Big news out of the biotechnology sector Monday as Amgen (NASDAQ: AMGN) has finally reached an agreement to acquire Onyx Pharmaceuticals (NASDAQ: ONXX) for $10.4 billion, or $125 per share. Amgen has long been pursuing Onyx so the former can bolster its lineup of cancer therapies.
Related: ETFs For An Onyx Takeover Battle.
It is easy to understand why Amgen tried so diligently to get its hands on Onyx. Cancer therapies are big business for biotech and traditional pharmaceuticals firms. In 2012, cancer drugs accounted for $84 billion in world-wide sales, second only to central nervous system treatments, the Wall Street Journal reported, citing EvaluatePharma.
Expect more biotech sector mergers and acquisitions activity focused on cancer drugs. About a quarter of industry deals greater than $100 million now involve cancer, more than any other disease, the Journal reported, citing J.P. Morgan Chase.
Some of the companies that could now enter the spotlight on news of Onyx being acquired include Celledex Therapeutics (NASDAQ: CLDX) and Ariad Pharmaceuticals (NASDAQ: ARIA). Celledex focuses on development and commercialization of several immunotherapy technologies for the treatment of cancer and other difficult-to-treat diseases, according to Minyanville.
Ariad is working on blood cancer and tumor therapies.
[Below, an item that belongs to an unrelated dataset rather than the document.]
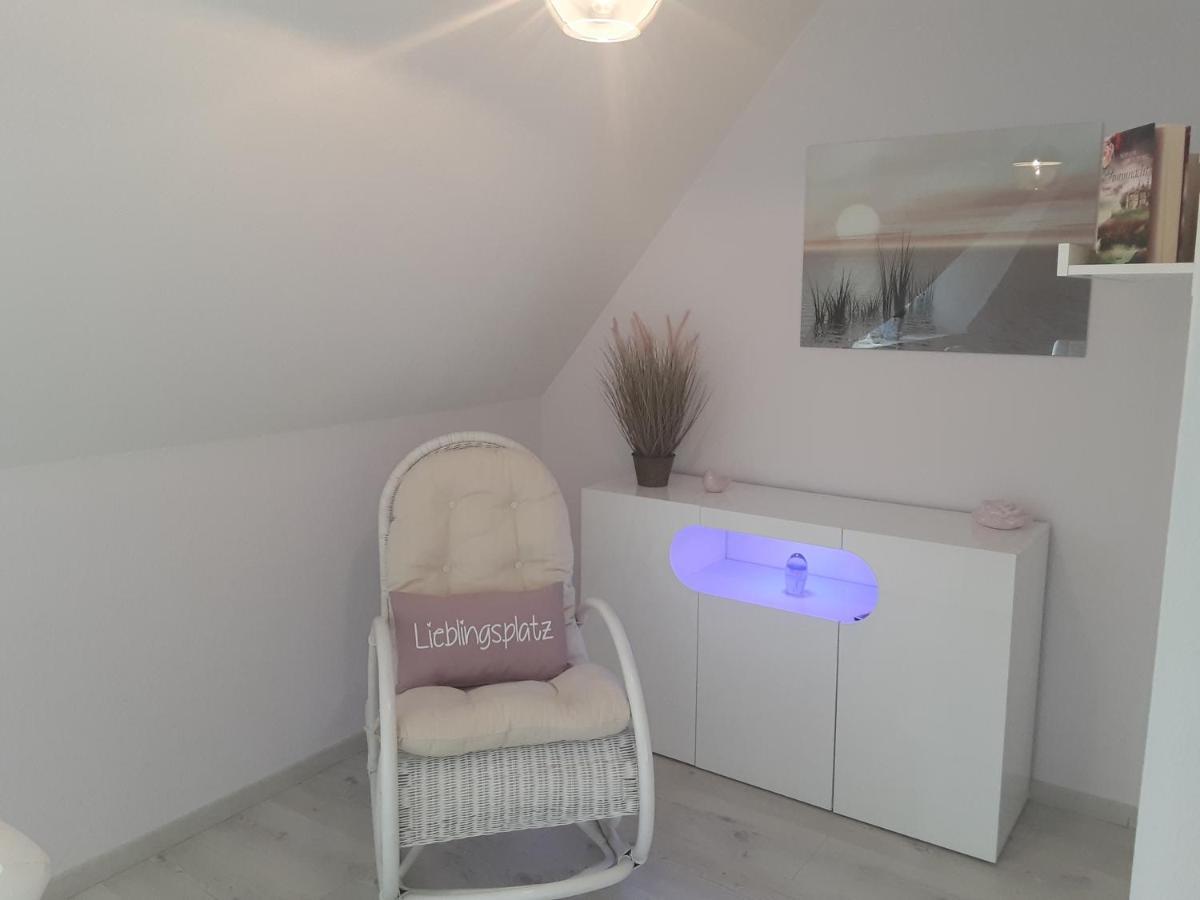Ferienwohnung Meeresbrise Aventoft 외부 사진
Combined, the two companies do not even have a market value of $5.3 billion, indicating they could be had prices that cash-rich large-cap biotech and blue-chip pharma companies could easily digest.
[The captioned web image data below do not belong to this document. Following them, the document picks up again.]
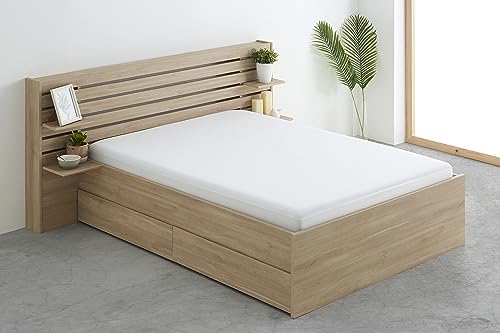 Degrees Home – Salvacolchon – Matratzenbezug 135 x 190/200 cm – Matratzenschoner 135 x 190/200 cm – 100 % wasserdicht – verstellbar und milbenhemmend – Bett 135 x 190/200 cm von Degrees home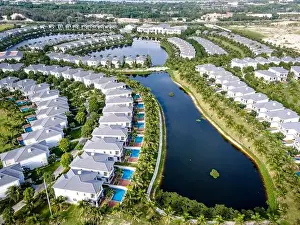 Vin Pearl five-star resort resort in Cam Ranh district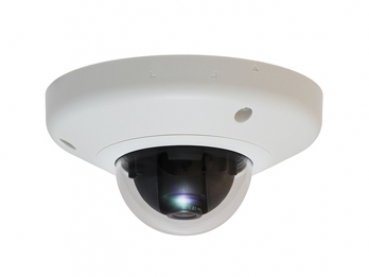 LevelOne IPCam FCS-3054        Dome In  3MP H.264   2,9W PoE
The two stocks combine for 4.3 percent of the SPDR S&P Biotech ETF's (NYSE: XBI) weight. Onyx is also a top-10 holding in that ETF.
Array BioPharma (NASDAQ: ARRY) and Clovis Oncology (NASDAQ: CLVS) are two more cancer drug stocks residing in XBI that dwell nowhere near large-cap territory. Same goes for XBI holding Exact Sciences (NASDAQ: EXAS), another cancer drug stock. That trio represents nearly four percent of the ETF's weight.
Another ETF investors should monitor if biotech sector M&A heats up in earnest is not a health care fund at all. However, the PowerShares DWA SmallCap Technical Leaders Portfolio (NYSE: DWAS) does allocate 19.3 percent of its weight to the health care sector, second only to its 26 percent weight to discretionary names. More importantly, DWAS has a penchant for outperforming some larger small-cap ETFs.
Even for high-flying small-cap ETFs, it is hard to top the 29.6 percent DWAS has returned this year. Overall, DWAS is home to 35 health care stocks including Celledex and Clovis. Endocyte (NASDAQ: ECYT) is another maker of cancer therapies and is also found in the DWAS lineup.
Isis Pharmaceuticals (NASDAQ: ISIS) is one of the smallest DWAS health care components, but the company has potential exposure to the cancer drug boom and has previously been mentioned as a possible takeover target.